Graphique 3 - Règlements de transactions en RMB (en Md$ et en % des échanges)
Sources : PBoC ; SAFE ; Natixis Research.
 
Graphique 4 - Évolution des quotas RQFII et QFII (en milliards de RMB)
Source : Dragonomics.

Réforme financière nationale

Tout comme la libéralisation extérieure, la réforme financière nationale a été initiée au début des années 2000. Le taux débiteur a été libéralisé plus rapidement que le taux créditeur, ce dernier s’étant en quelque sorte enlisé dans le processus au cours de la crise financière mondiale. La nouvelle vague de mesures de libéralisation a eu lieu après le plénum, là encore en mars 2014, comme cela a été le cas pour le taux de change. En l’espèce, cinq licences bancaires ont été allouées à des entreprises privées en ayant fait la demande, inaugurant le programme pilote attendu depuis longtemps et autorisant l’ouverture d’un secteur bancaire dominé par l’État aux capitaux privés. Ce n’est que plus tard qu’est clairement apparu que les nouveaux venus seraient de grosses entreprises d’Internet, à savoir Alibaba et Tencent. En outre, la Commission chinoise de réglementation bancaire (CBRC – China Banking Regulatory Commission) a également assoupli les restrictions à l’investissement des capitaux privés dans d’autres institutions financières, non bancaires, telles que les sociétés de crédit à la consommation et les sociétés de location financière. Au même moment, la zone franche de Shanghai est devenue le nouvel instrument favori du gouvernement pour catalyser les réformes financières. Ce programme pilote était destiné à déclencher une libéralisation totale des taux d’intérêt, à autoriser les emprunts transfrontaliers auprès de pays étrangers et à permettre aux résidents de la zone franche de réaliser des investissements à l’étranger.

Une deuxième mesure importante a été de supprimer complètement le plancher du taux débiteur en juin 2014 (10 % au-dessus des taux créditeurs de référence officiels), tout en maintenant intact le plafond des taux créditeurs (cf. graphique 5).

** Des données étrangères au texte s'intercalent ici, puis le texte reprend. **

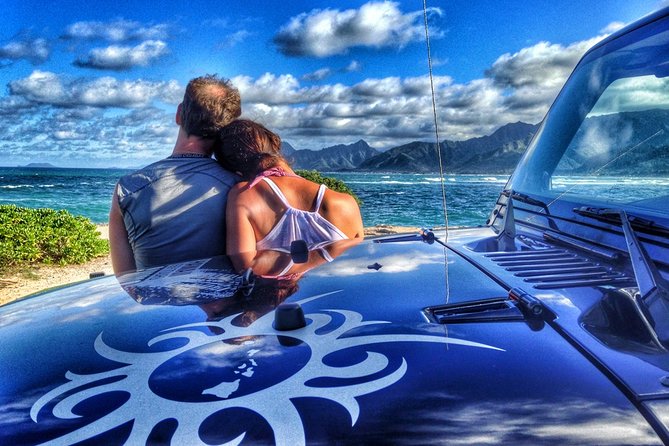 5 Hour Romantic Hawaii Jeep Tour - Spitting Cave and China Walls: cliffs with a local feel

Néanmoins, le plancher du taux débiteur a été supprimé à un moment où il n’était pas réellement contraignant, de sorte que les conséquences macroéconomiques ont été limitées. D’autres mesures prises dans le contexte de la libéralisation du taux d’intérêt ont consisté à autoriser les banques à émettre des certificats de dépôt sur le marché interbancaire et à mettre en place le mécanisme du taux de base afin d’encourager les banques à établir un taux débiteur de référence basé sur le marché1. Ces mesures de coordination ont également contribué à l’établissement d’une solide assise institutionnelle qui permettra plus tard aux autorités de commencer à libérer les taux créditeurs. Dans ce contexte, une garantie des dépôts formelle a été introduite en novembre 2014, considérant qu’un système de garantie des dépôts constitue effectivement une condition préalable nécessaire à la libéralisation totale des taux créditeurs afin de prévenir tout risque d’aléa moral.

 
Graphique 5 - Évolution des taux d’intérêt et mesures de libéralisation
Sources : Bloomberg ; BBVA Research.

Prochaines étapes de la libéralisation financière : à quoi faut-il s’attendre ?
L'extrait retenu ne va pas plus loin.